Dive Brief:
- An employee who was fired after complaining to HR about discrimination can take her retaliation claim to trial, the 2nd U.S. Circuit Court of Appeals held (Villetti v. Guidepoint Global LLC, No. 21-2059 (July 7, 2022)).
- In an email to HR, the employee complained about a male manager’s behavior and what she considered a series of adverse actions against female employees. The manager fired her a week later, and she sued Guidepoint for gender discrimination and retaliation under Title VII of the Civil Rights Act of 1964 and New York law.
- A federal district court granted summary judgment to Guidepoint, but the 2nd Circuit revived the retaliation claim. It said the employee presented evidence raising a trial question over why she was fired. While Guidepoint may be able to rebut this evidence, any “competing reasonable inferences in the record ... cannot be resolved on summary judgment,” the panel explained.
Dive Insight:
Retaliation occurs when an employer takes “materially adverse action” against an employee for engaging in protected activity, such as complaining to the employer about discrimination, according to the U.S. Equal Employment Opportunity Commission.
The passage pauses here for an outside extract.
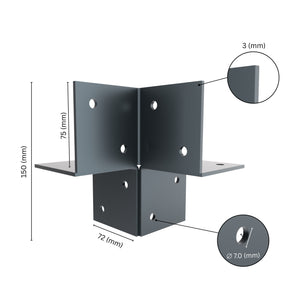  3-way open pergola corner connector bracket with labeled dimensions.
The scope is broad: Under Title VII, a materially adverse action is any action that “might deter a reasonable person from engaging in protected activity,” the EEOC’s enforcement guidance explains.
That doesn’t mean employees get shielded from discipline for misconduct or poor performance just because they engage in protected activity, the guidance emphasizes. Recently, a Michigan brewery prevailed on a former employee’s retaliation claim after he was fired for complaining about a supervisor’s allegedly discriminatory statements. To the contrary, the brewery established it had lawful reasons for discharging him: In the months before he was fired, he was legitimately reprimanded several times and then terminated after he missed a mandatory meeting and scheduled work shift.
In this case, Guidepoint initially provided legitimate reasons for firing the employee, the 2nd Circuit said. The company argued to the lower court that a co-worker had complained to a supervisor and HR about her and she didn’t get proper authorization for taking a trip to Boston. Also, in documents to the lower court, Guidepoint stated that the manager decided to fire the employee after it conducted an internal investigation and interviewed several employees, the 2nd Circuit said. But the manager never mentioned the investigation or provided any details about the decision-making process that led to the employee’s termination, the panel pointed out.
Then, in written arguments submitted on appeal, Guidepoint didn’t mention any internal investigation and asserted instead that because the employee worked at will, it wasn’t required to explain why it discharged her, according to the court. The employee pointed to discrepancies in these explanations suggesting that Guidepoint developed them over time to counter her evidence of retaliation, the appeals panel said. Nor did Guidepoint provide documentation of the investigation’s findings to corroborate its existence, the 2nd Circuit added.